Lullaby
- First edition
- Author: Ace Atkins
- Language: English
- Series: Spenser
- Genre: Detective fiction
- Publisher: Putnam Adult
- Publication date: 2012
- Publication place: United States
- Media type: Print (hardback & paperback) and audio CD
- Pages: 320 pp
- ISBN: 0-399-15803-0
- Preceded by: Sixkill
- Followed by: Wonderland

= Lullaby (Atkins novel) =

2012 novel by Ace Atkins

Lullaby is the 41st novel featuring Robert B. Parker's fictional detective Spenser.
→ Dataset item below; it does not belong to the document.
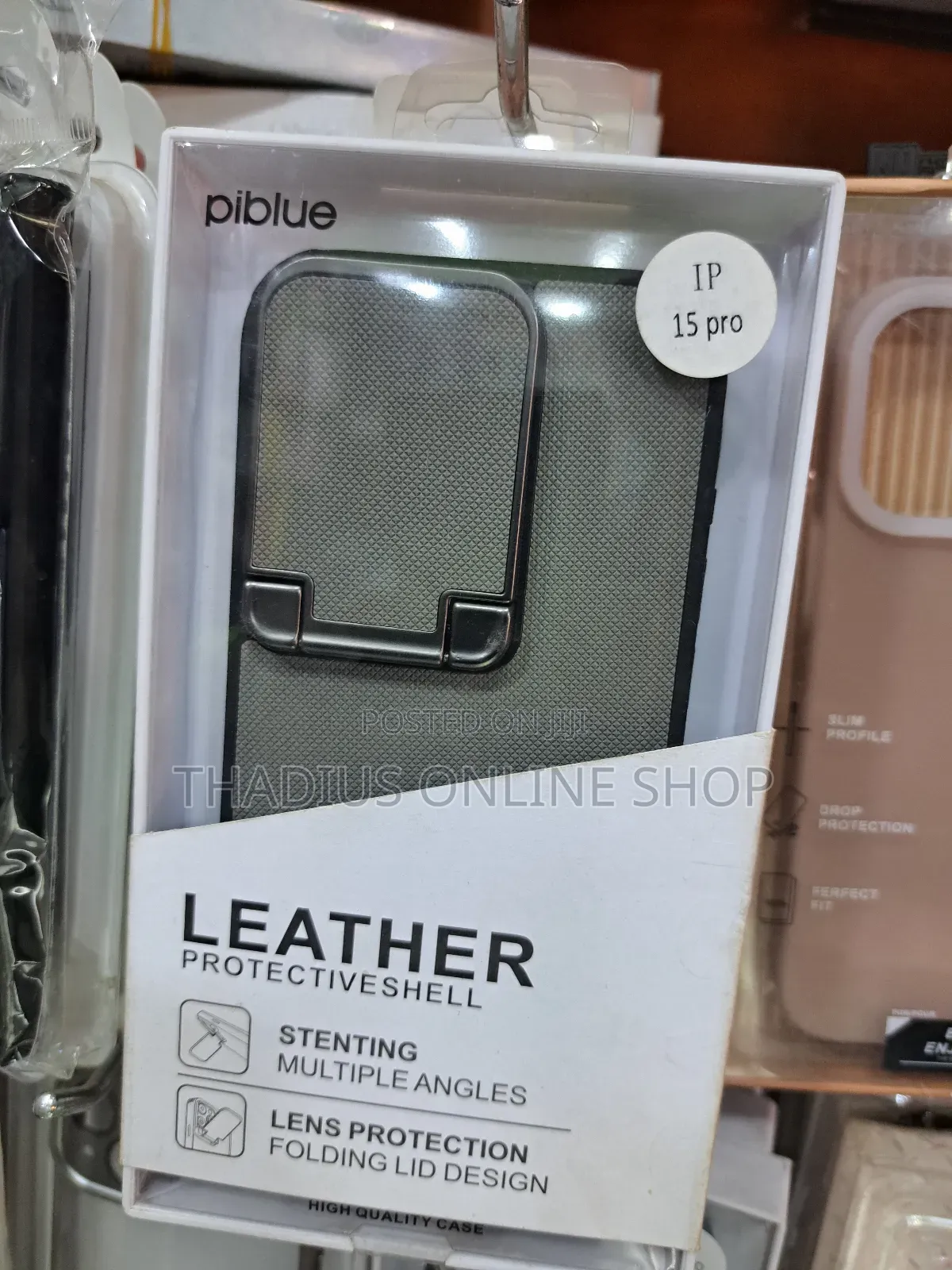 iPhone 15 Pro Super Leather Protective Shell Cover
It is the first official Spenser novel not written by Parker, but by Ace Atkins. Atkins was asked to write the novel after Parker's death in 2010.

==Plot==
Mattie Sullivan, a fourteen-year-old girl, recruits Spenser to solve her mother's murder four years earlier. The man convicted of her murder, Mickey Green, was a friend of Mattie's mother and Mattie believes he was framed. When an old mob figure named Jumpin' Jack Flynn appears to be involved (along with Spenser's longtime enemies the Broz family), Spenser calls in Hawk and Vinnie Morris for back up.

==Recurring characters==
- Spenser
- Hawk
- Dr. Susan Silverman, Ph.D
- Cpt. Martin Quirk, Boston Police Department
- Sgt. Frank Belson, Boston Police Department
- Vinnie Morris
- Gerry Broz
- Joe Broz

==Reception==
Reviews for the first of Atkins' novels featuring Spenser were overwhelmingly positive. Most reviewers felt Atkins successfully imitated Parker's voice, pacing and the character's banter. They also praised the complexity of the plot.